- What needs to be done -
Without the pictures, retype each line below exactly as it stands.

Source records section start

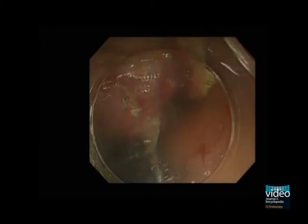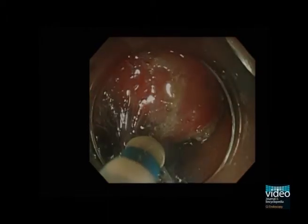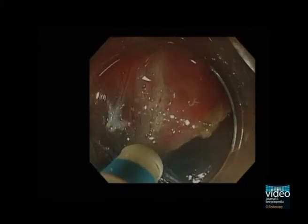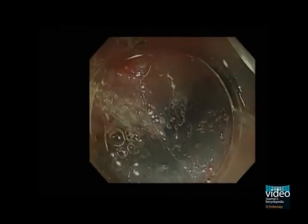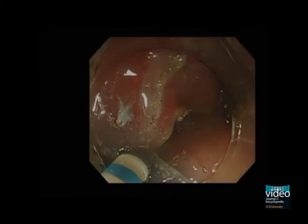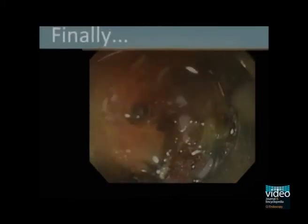We sometimes encounter visible vessels during dissection. Although bleeding complication is rare in the esophagus, we treat visible vessels by haemostat forceps in advance because bleeding can disturb endoscopic view. Finally, we achieved an en-bloc resection of the lesion. The operation time was 60 minutes. This patient was discharged without any complications on day 6 after ESD.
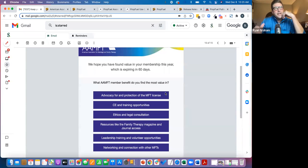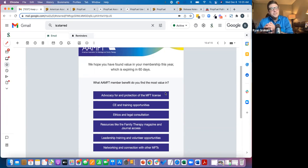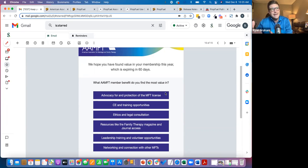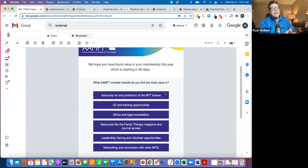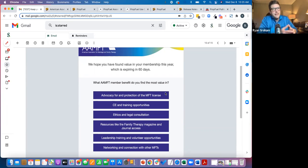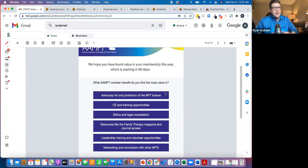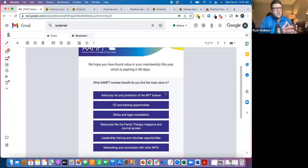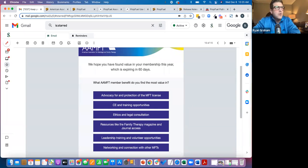This one's awesome because what it does is it allows us to be responsive on the landing page and the follow-up email to say, hey, if it's ethics and legal consultation, did you know we're doubling down our efforts in that area? And here are the things that we've added as member benefits. Well, the member probably didn't even know about that. So now it makes their renewal much more relevant because now they know AMFT is listening to them and AMFT is aligned with their interests and the stuff that they value.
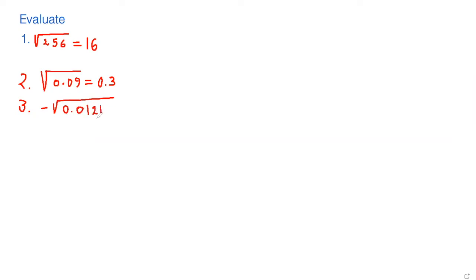Question number three is the negative square root of 0.0121. As we know already that the square root of 121 is 11, so the answer is negative 0.11 because of the decimal we have to put a decimal.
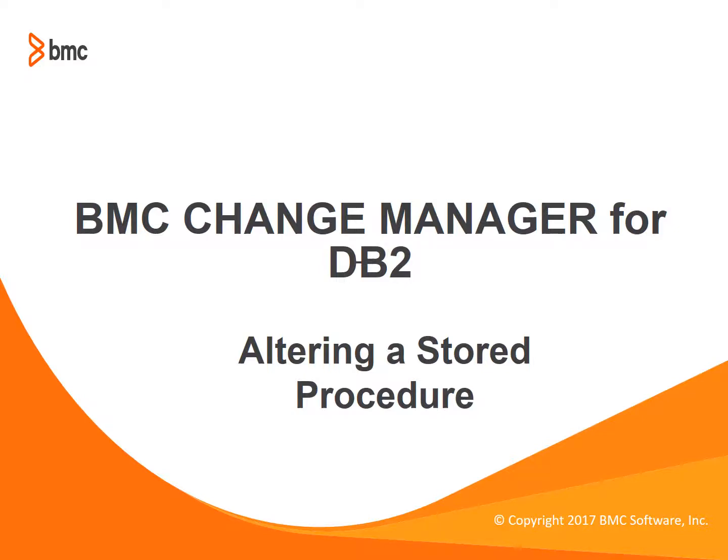Hello and welcome to the BMC Quick Course Series. Change Manager provides full support for external and native stored procedures. In this session, I'll describe how to alter a native stored procedure, which will give you an opportunity to see the panels that display stored procedures.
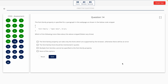Question 14. The font-family property is specified for a paragraph as shown in the below code snippet. Which of the following are false about the above snippet? Select any three. Option A: The font-family property can take only fonts supported by the browser, otherwise there will be an error. Option B: The font-family Arial should be mentioned in quotes. Option C: Multiple font families cannot be specified to the font-family property. Option D: None of the options. The correct answer is Option A, Option B, and Option C.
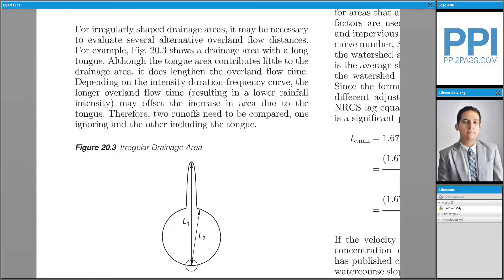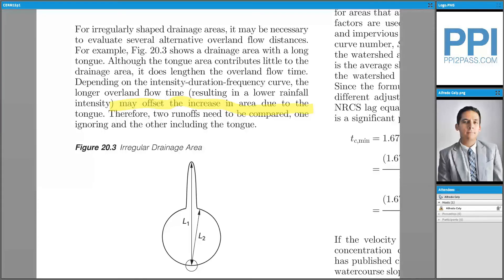The example shown here looks like a circle with a tongue. The tongue does increase the overland flow distance. However, based on the intensity duration frequency curve, the longer overland flow time may offset the increasing area due to the tongue. Therefore, two runoffs need to be compared: one ignoring the tongue and the other one including the tongue. The runoff that yields the greater surface runoff volume should be the one to be used.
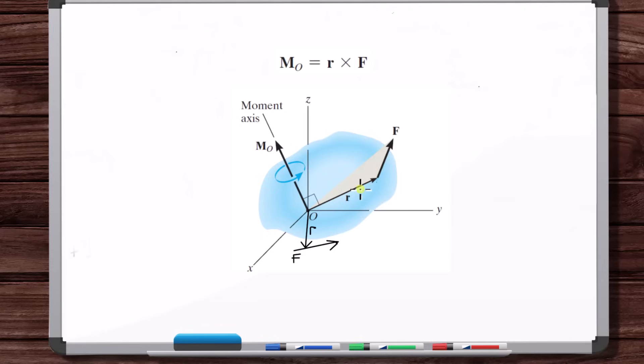Now you understand what moments are, why we need them, and what they're used for. In the next video, we're going to get into more detail on how exactly we calculate moments, because that's what we want to do in the upcoming example problems — calculate the moments of forces, or the net moments of a bunch of forces, for all kinds of different situations. We really want to get used to calculating a moment.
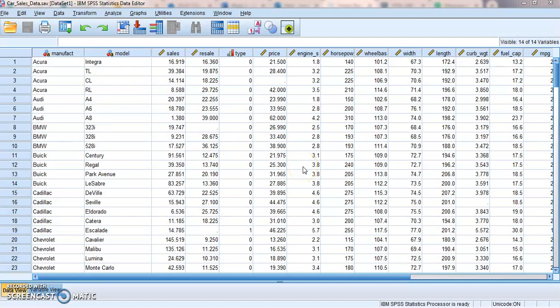All right, SPSS fans. The big dog, regression. It's pretty awesome. It's the hardest thing we're going to learn in this class, but it's not particularly hard.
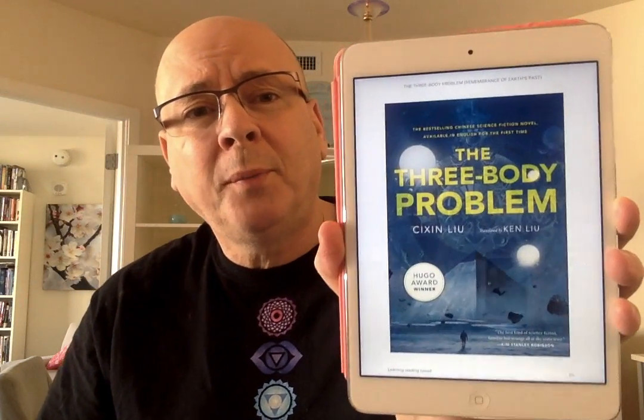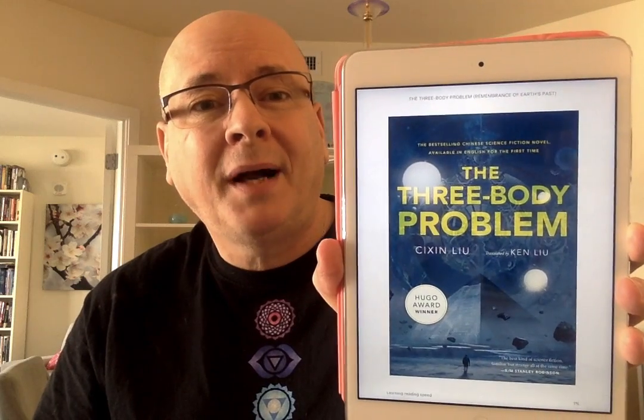Hi everyone! Let's chat for a few moments about The Three-Body Problem by Liu Cixin.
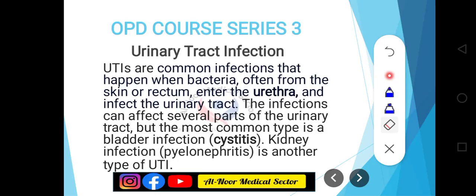Assalamu alaikum everyone, I hope you all are doing well and in the state of good health and iman. I am Dr. Mahanur Al-Taf. Welcome back to the OPD course series 3. Today we are going to discuss urinary tract infection: what are the types of UTI, what is its presentation and causes, how to treat it and how to diagnose it. Each and everything we will discuss in this video, so let's get started.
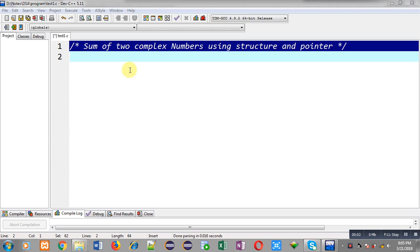Hello friends, I am Sanjay Gupta. In this video I am going to demonstrate how you can add two complex numbers using structure and pointer in C programming.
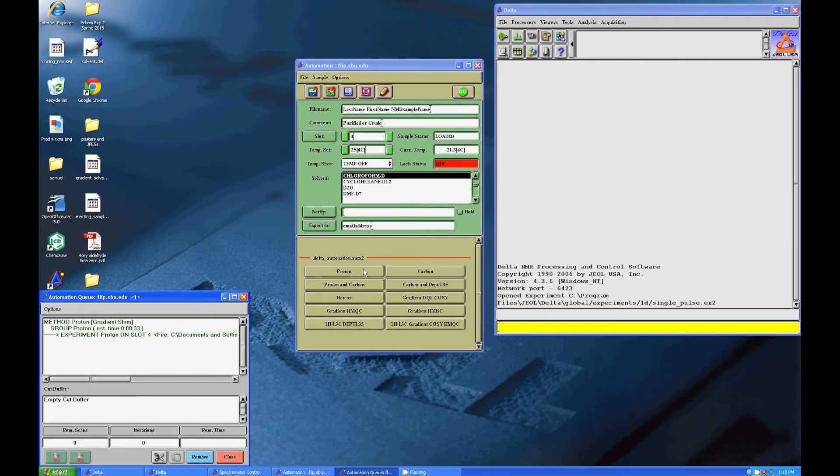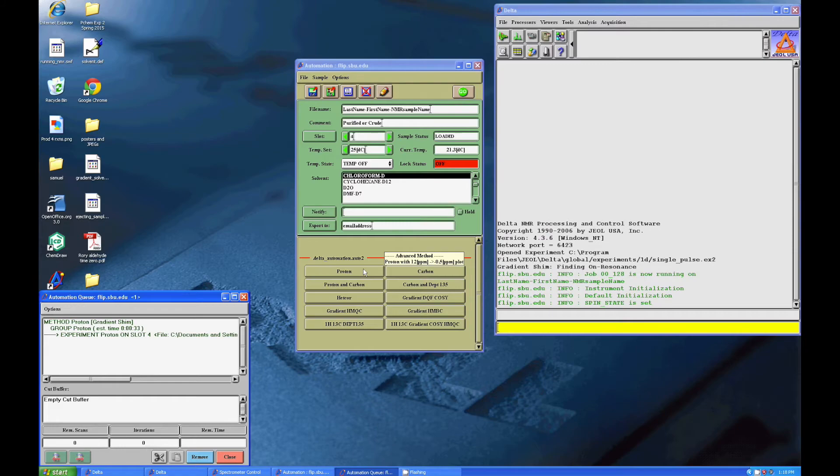When you click it, you'll see the notifications start to come up as your NMR sample begins to run.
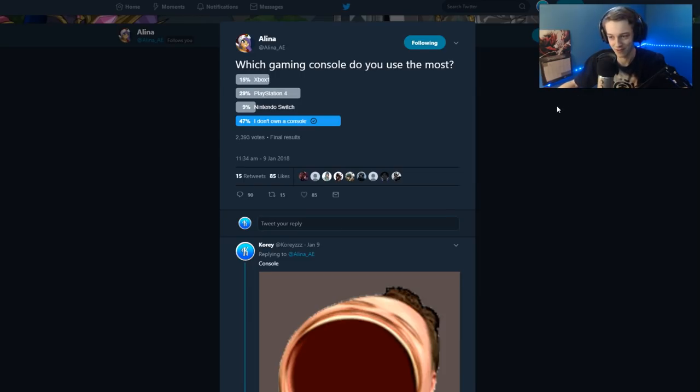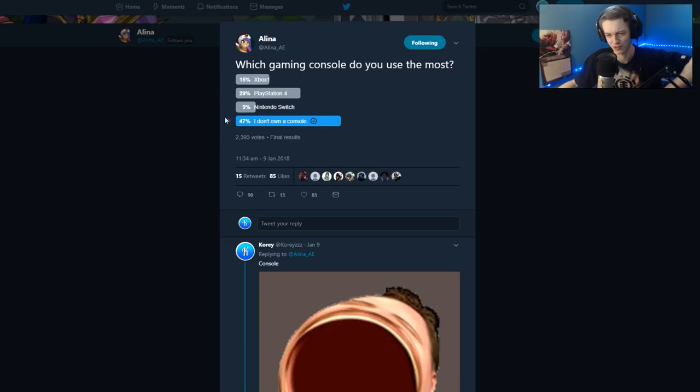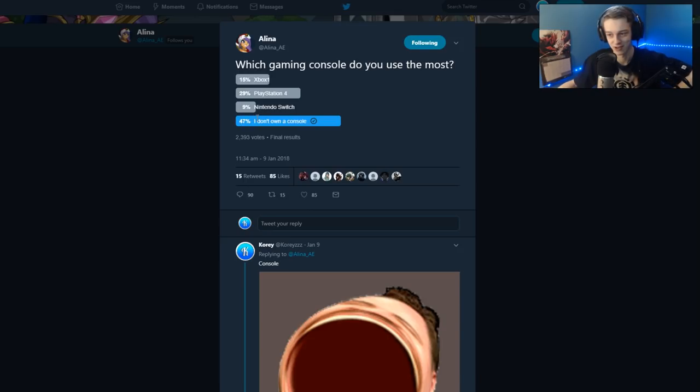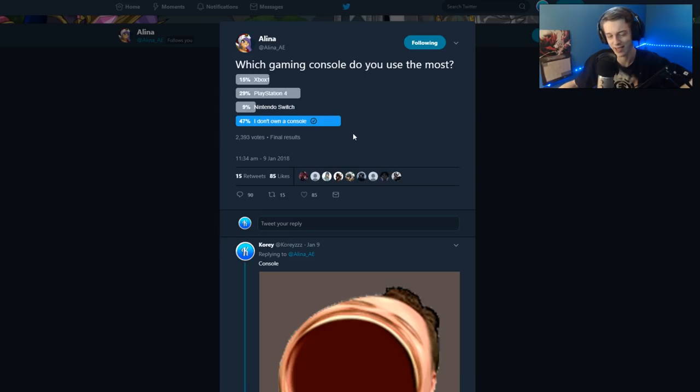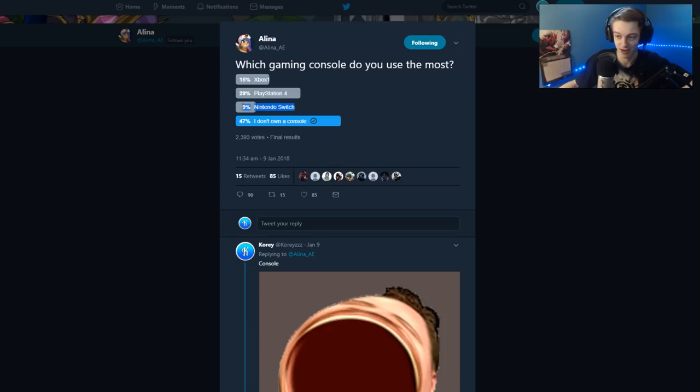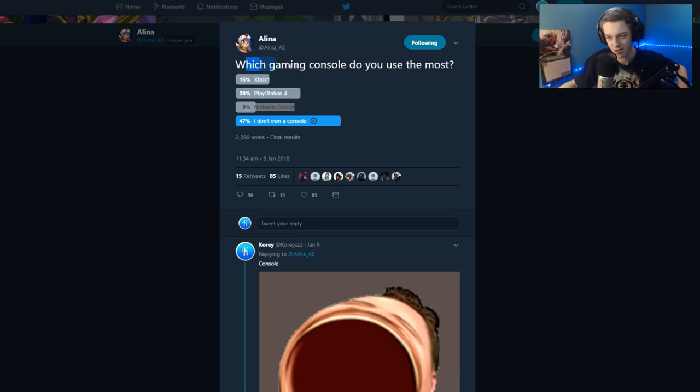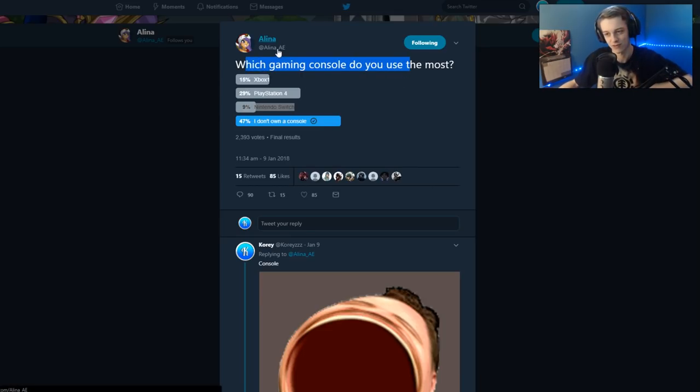Alina asks what gaming console you use the most, Xbox, Playstation 4, Nintendo Switch or I don't own a console which is 47% of the people that entered this poll. I said I don't own a console. I own old consoles like the GameCube, the original Wii, the PS3, the Xbox 360. I don't own any current consoles. I kind of want a Switch and I'm glad that 9% of the people on this poll voted. It's a pretty high percentage for a console that just came out.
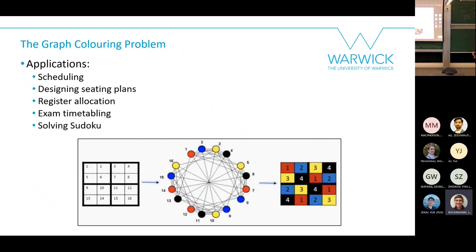There are many applications of graph coloring — anywhere there are pairwise constraints. For example: scheduling tasks where two events require the same person so can't happen simultaneously; designing seating plans where guests who don't get along shouldn't sit at the same table; register allocation; exam timetabling; and even solving Sudoku can be done using graph coloring, though probably not the optimal approach.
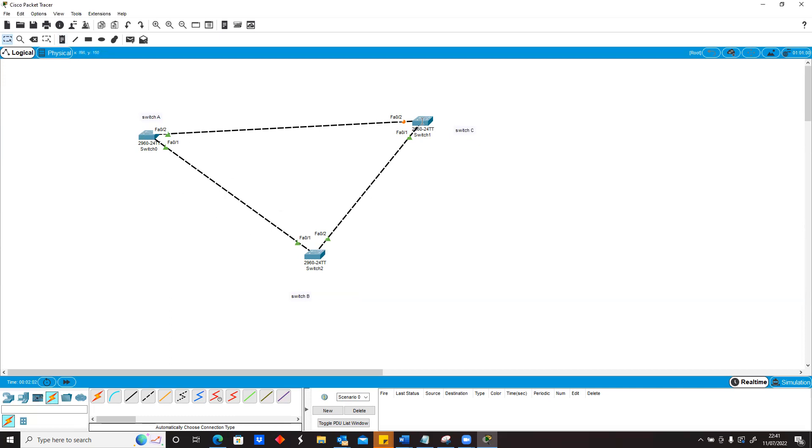So everybody will go through this device which is B. If I want to go to C from A, I have to go to B. If I want to go to A from C, I have to go to B. So basically that's how spanning tree works.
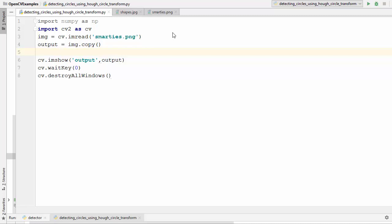Hey guys, welcome to the next video on OpenCV tutorial for beginners using Python. We have already seen how to use Hough line transform to detect lines in OpenCV. In this video we are going to see how we can use Hough circle transform to detect circles in an image.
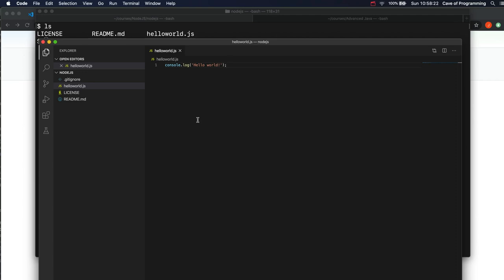Hello, this is John from caveofprogramming.com. In this video we are going to take a look at variables in JavaScript.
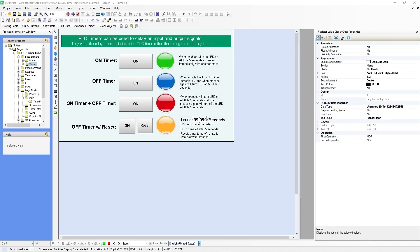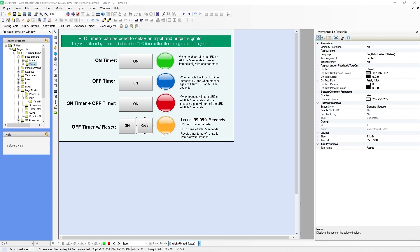The time register tag that we created is not necessary — it will still count from zero to five seconds; you just would not see it here. So when you hit off, it'll still count from zero to five and then turn off after five seconds. This just shows that count from zero to five. The reset button — the momentary bit that we created — will just turn the timer off. So if the timer is counting from zero to five seconds and you hit the reset button, it will turn it off and you'll see the timer go back to zero.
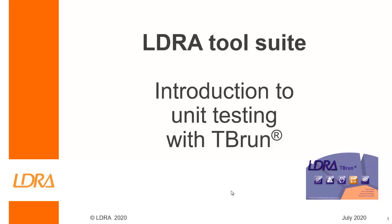Hello, this video is going to give a short introduction to unit testing with TBRUN.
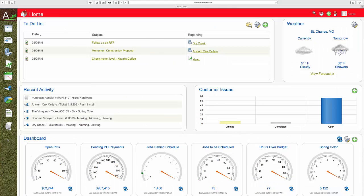After labor, materials expense is one of your largest costs. The Aspire purchase order system is integrated with the estimate and inventory to provide you with the tools to manage your cost, assignment, disposition, and availability of materials.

Source records section end

- Result of this exercise -
We sometimes encounter visible vessels during dissection. Although bleeding complication is rare in the esophagus, we treat visible vessels by haemostat forceps in advance because bleeding can disturb endoscopic view. Finally, we achieved an en-bloc resection of the lesion. The operation time was 60 minutes. This patient was discharged without any complications on day 6 after ESD.
This one's awesome because what it does is it allows us to be responsive on the landing page and the follow-up email to say, hey, if it's ethics and legal consultation, did you know we're doubling down our efforts in that area? And here are the things that we've added as member benefits. Well, the member probably didn't even know about that. So now it makes their renewal much more relevant because now they know AMFT is listening to them and AMFT is aligned with their interests and the stuff that they value.
Question number three is the negative square root of 0.0121. As we know already that the square root of 121 is 11, so the answer is negative 0.11 because of the decimal we have to put a decimal.
Hello and welcome to the BMC Quick Course Series. Change Manager provides full support for external and native stored procedures. In this session, I'll describe how to alter a native stored procedure, which will give you an opportunity to see the panels that display stored procedures.
Question 14. The font-family property is specified for a paragraph as shown in the below code snippet. Which of the following are false about the above snippet? Select any three. Option A: The font-family property can take only fonts supported by the browser, otherwise there will be an error. Option B: The font-family Arial should be mentioned in quotes. Option C: Multiple font families cannot be specified to the font-family property. Option D: None of the options. The correct answer is Option A, Option B, and Option C.
The example shown here looks like a circle with a tongue. The tongue does increase the overland flow distance. However, based on the intensity duration frequency curve, the longer overland flow time may offset the increasing area due to the tongue. Therefore, two runoffs need to be compared: one ignoring the tongue and the other one including the tongue. The runoff that yields the greater surface runoff volume should be the one to be used.
Now you understand what moments are, why we need them, and what they're used for. In the next video, we're going to get into more detail on how exactly we calculate moments, because that's what we want to do in the upcoming example problems — calculate the moments of forces, or the net moments of a bunch of forces, for all kinds of different situations. We really want to get used to calculating a moment.
All right, SPSS fans. The big dog, regression. It's pretty awesome. It's the hardest thing we're going to learn in this class, but it's not particularly hard.
Hi everyone! Let's chat for a few moments about The Three-Body Problem by Liu Cixin.
Assalamu alaikum everyone, I hope you all are doing well and in the state of good health and iman. I am Dr. Mahanur Al-Taf. Welcome back to the OPD course series 3. Today we are going to discuss urinary tract infection: what are the types of UTI, what is its presentation and causes, how to treat it and how to diagnose it. Each and everything we will discuss in this video, so let's get started.
Hello friends, I am Sanjay Gupta. In this video I am going to demonstrate how you can add two complex numbers using structure and pointer in C programming.
When you click it, you'll see the notifications start to come up as your NMR sample begins to run.
Alina asks what gaming console you use the most, Xbox, Playstation 4, Nintendo Switch or I don't own a console which is 47% of the people that entered this poll. I said I don't own a console. I own old consoles like the GameCube, the original Wii, the PS3, the Xbox 360. I don't own any current consoles. I kind of want a Switch and I'm glad that 9% of the people on this poll voted. It's a pretty high percentage for a console that just came out.
There are many applications of graph coloring — anywhere there are pairwise constraints. For example: scheduling tasks where two events require the same person so can't happen simultaneously; designing seating plans where guests who don't get along shouldn't sit at the same table; register allocation; exam timetabling; and even solving Sudoku can be done using graph coloring, though probably not the optimal approach.
So everybody will go through this device which is B. If I want to go to C from A, I have to go to B. If I want to go to A from C, I have to go to B. So basically that's how spanning tree works.
Hey guys, welcome to the next video on OpenCV tutorial for beginners using Python. We have already seen how to use Hough line transform to detect lines in OpenCV. In this video we are going to see how we can use Hough circle transform to detect circles in an image.
Hello, this is John from caveofprogramming.com. In this video we are going to take a look at variables in JavaScript.
The time register tag that we created is not necessary — it will still count from zero to five seconds; you just would not see it here. So when you hit off, it'll still count from zero to five and then turn off after five seconds. This just shows that count from zero to five. The reset button — the momentary bit that we created — will just turn the timer off. So if the timer is counting from zero to five seconds and you hit the reset button, it will turn it off and you'll see the timer go back to zero.
Hello, this video is going to give a short introduction to unit testing with TBRUN.
After labor, materials expense is one of your largest costs. The Aspire purchase order system is integrated with the estimate and inventory to provide you with the tools to manage your cost, assignment, disposition, and availability of materials.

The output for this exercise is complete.